Using high-voltage, direct current (HVDC) transmission power lines to distribute green electricity was seen as the solution. However, when these electrical superhighways that run for hundreds of kilometres are installed above ground, they have the potential to encroach on private land and negatively affect local ecosystems. The people who are the intended beneficiaries of this transformation thus found themselves in a predicament: should they support a project that can disrupt their immediate surroundings, or should they object and slow down the country’s energy transition, which many of them actually support?
In a joint venture with cooperation partners, Arcadis provided a unique combination of services to plan and develop a 700km HVDC transmission line necessary for Energiewende’s success. Our task was to define a process to secure public support through consultations for an area that covers about 180,000km2. We understood that using the “classic” approach of developing a project and securing permits before consulting the public might generate more resistance than support. That is why we started the process by informing the public first about the details and benefits of the project. We then provided them opportunities to actively participate in discussions to voice their concerns before any development began. Ensuring consistent, clear and fast communication, however, is not as simple as it sounds, especially when there are tens of thousands of stakeholders that need to be reached.

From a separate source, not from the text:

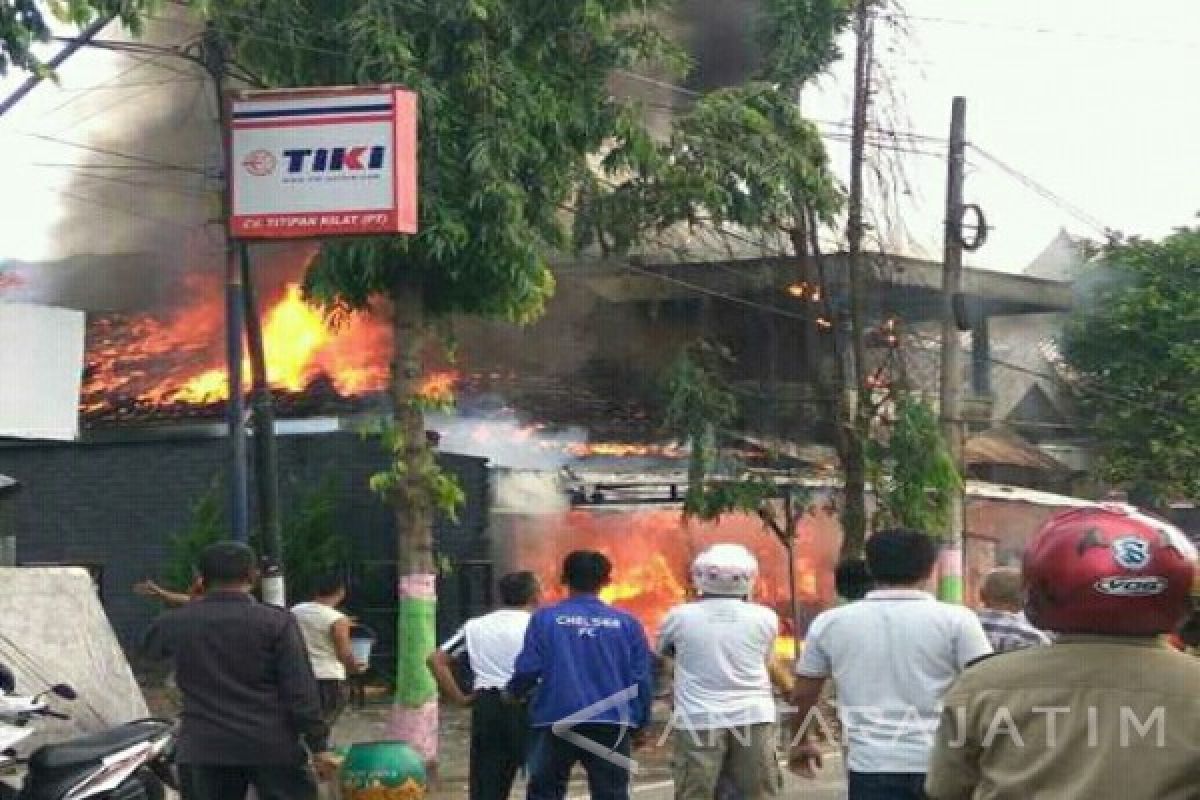 Rumah Toko di Pamekasan Terbakar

Our team developed a software solution called mapARC which is an external-facing project website linked to a web-based geographic information system (WebGIS). Using the website, online users can check project data on the GIS platform and ask questions that Arcadis can answer directly or refer to the client and project partners. Visitors to the GIS portal can see anonymized questions posted by others to help increase awareness and avoid duplication. mapARC allowed us to efficiently manage 20,000 stakeholder comments and requests and integrate 7,000 comments with planning relevance into the development phase.

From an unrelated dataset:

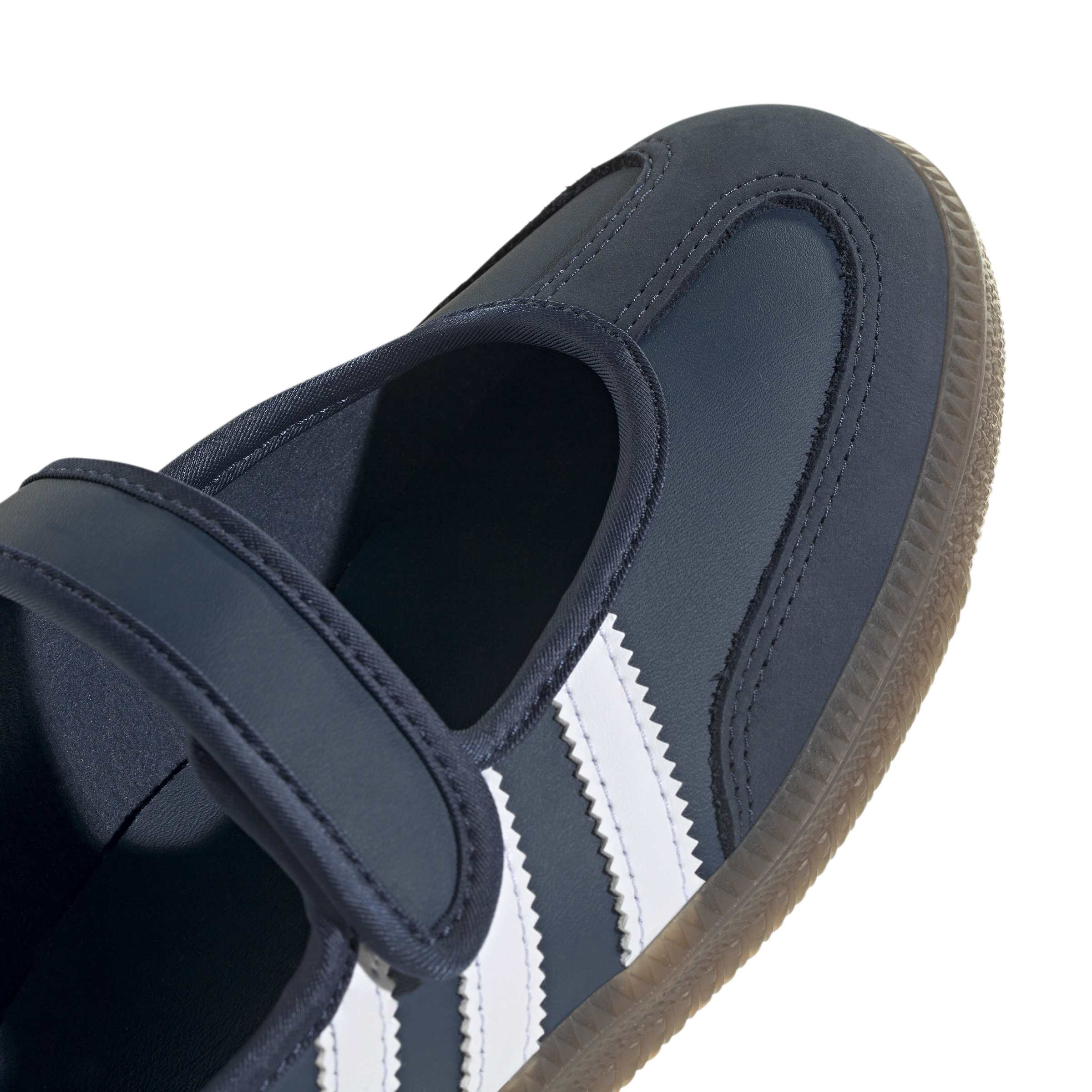 Wmns Samba Jane 'Crew Navy Cloud White'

By embracing a new approach to project development and using technology to efficiently gather and respond to stakeholders’ sentiments, we were able to secure the public’s support. The consultations revealed key issues that the people care about, such as nature and biodiversity conservation and the impact on water and agriculture. It became clear to the project team that the public supports the transition to renewable energy, but there was a need to balance the goals of this nationwide initiative with the needs of those who will be directly affected by the installation of new power lines.

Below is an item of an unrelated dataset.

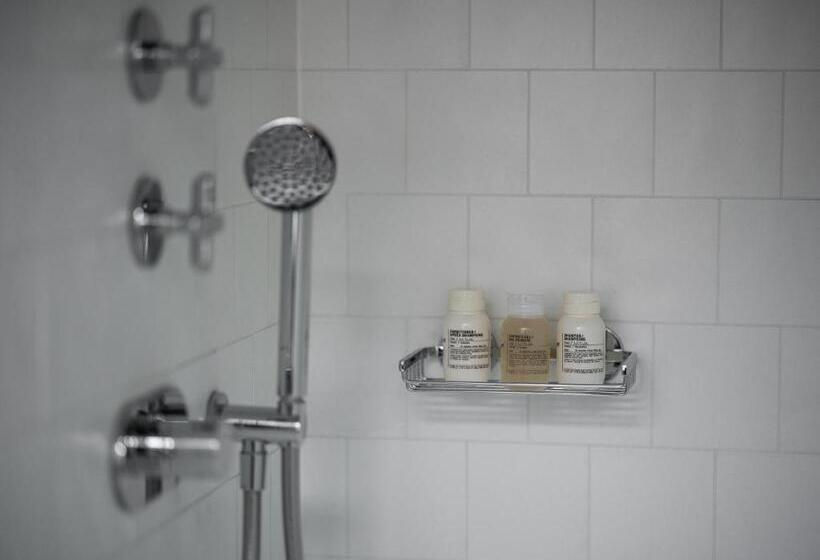 غرفة قياسية سرير كينج, August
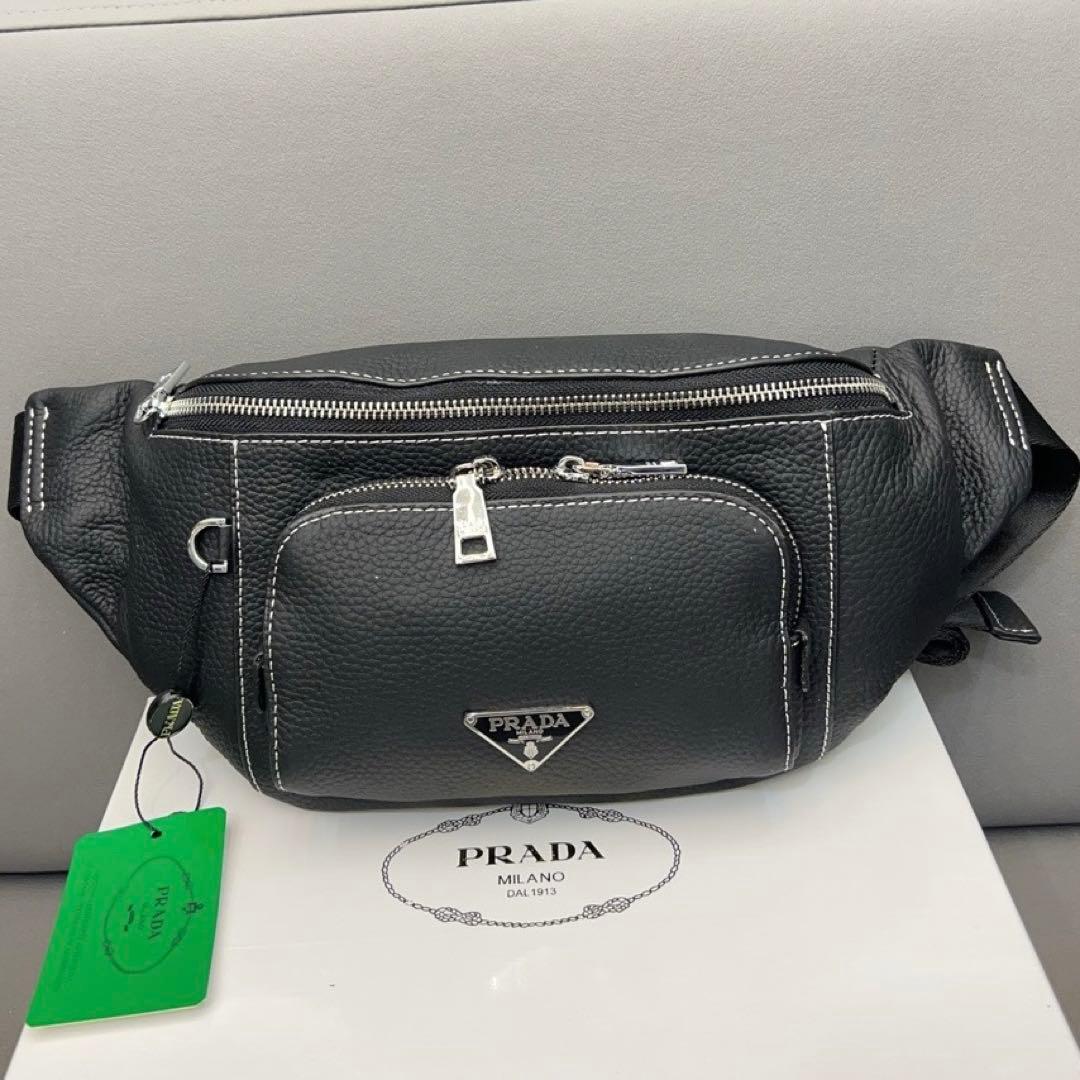PRADAノベルティボディバッグ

The project was then designed to reflect those sentiments, and the government eventually subsidized the moving of the HVDC transmission lines underground. For the client, our work helped secure the necessary planning permissions and allowed the project to proceed as scheduled and within the allotted budget.
The HVDC transmission lines will serve as the backbone for the nationwide, reliable supply of sustainably generated energy that will power households, businesses, and communities. More importantly, Germany will be on track to substantially reduce its reliance on fossil fuels for energy generation, which will help create a carbon-neutral world for its people.